Adding two numbers in base 10 on Assembler

Question

How can I add 2 numbers that their value is on base 16 and make the result on "base 10" on assembler. For example:

"5h+5h=10h" - I know it's wrong, I just want it to be visually 10h

And not:

5h+5h=Ah

CODE:

MOV AX,5h
MOV BX,5h
ADD AX,BX

result: ax=Ah - Not the result that i want...
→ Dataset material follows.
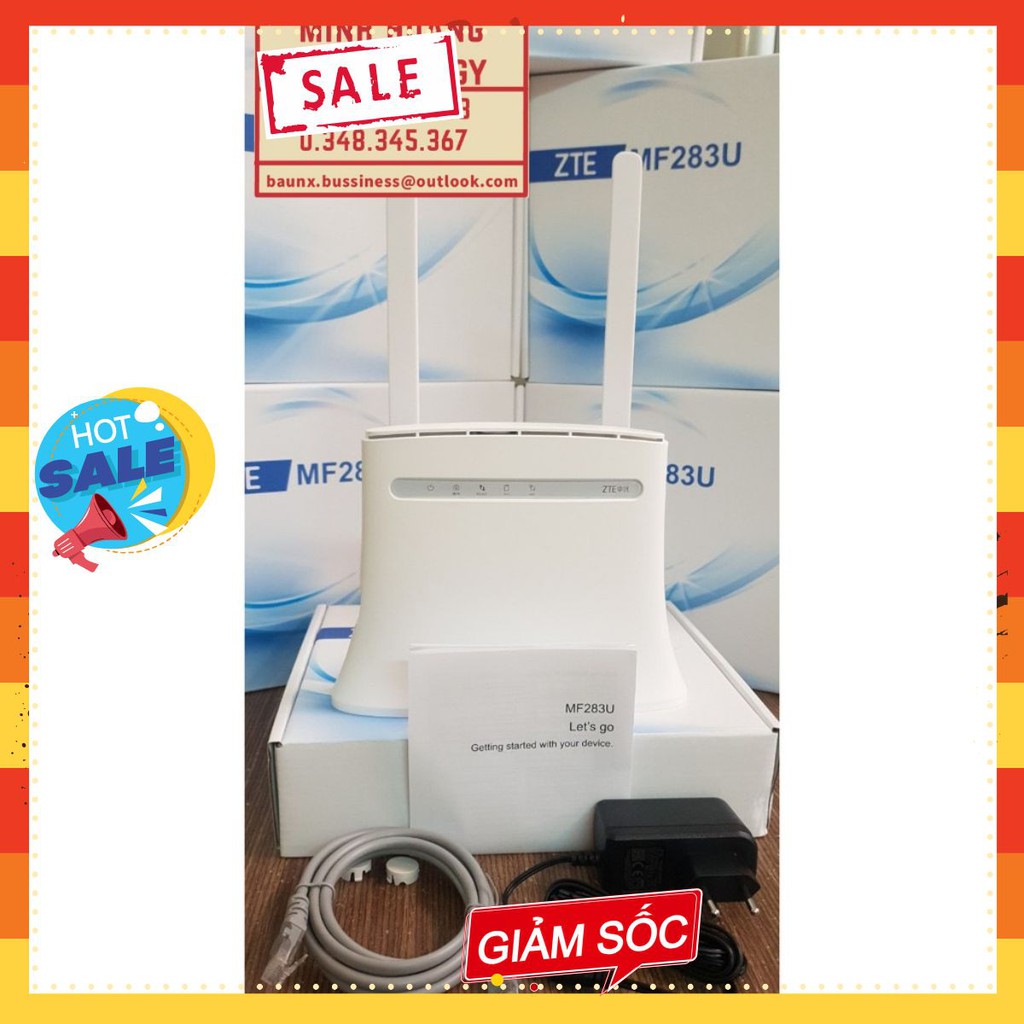 Bộ phát Wifi 3G/4G ZTE MF283U phù hợp lắp đặt cho xe ô tô, xe khách, xe du lịch, xe giường nằm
result: ax=10h - The result that i want.

I tried to figure it out with google but didn't find anything that can help me...

Answer 1

Ok so i figure it out with @Fifoernik 's help so the problem is that if i want to do it with 16bit (for example 99h+1h) values i need to do it like this using DAA operan and CF flag

    pop ax
    pop bx
    add al,bl
    daa ; dec id values
    mov cl,al
    mov al,ah
    jc Carry; do i have carry 
    add al,bh
    daa ; do the magic thing
    JMP finito
    Carry:
    add al,1 ; add the carring...
    add al,bh
    daa ;can some one tell me what exactly daa does?
    finito:
    mov ch,al
    push cx
    ret

daa working only on AL so you'ill need to use the carry flag to add the carry like:

AH AL
 1 <----- carry
00 99 <-- DAA take care of the 99 and make it 0 when its A0h
00 01+
-- --
01 00 ---> result 100h

Answer 2

Here is the code you are looking for

MOV AX,5h
MOV BX,5h
ADD AX,BX
DAA

Now AX contains 10h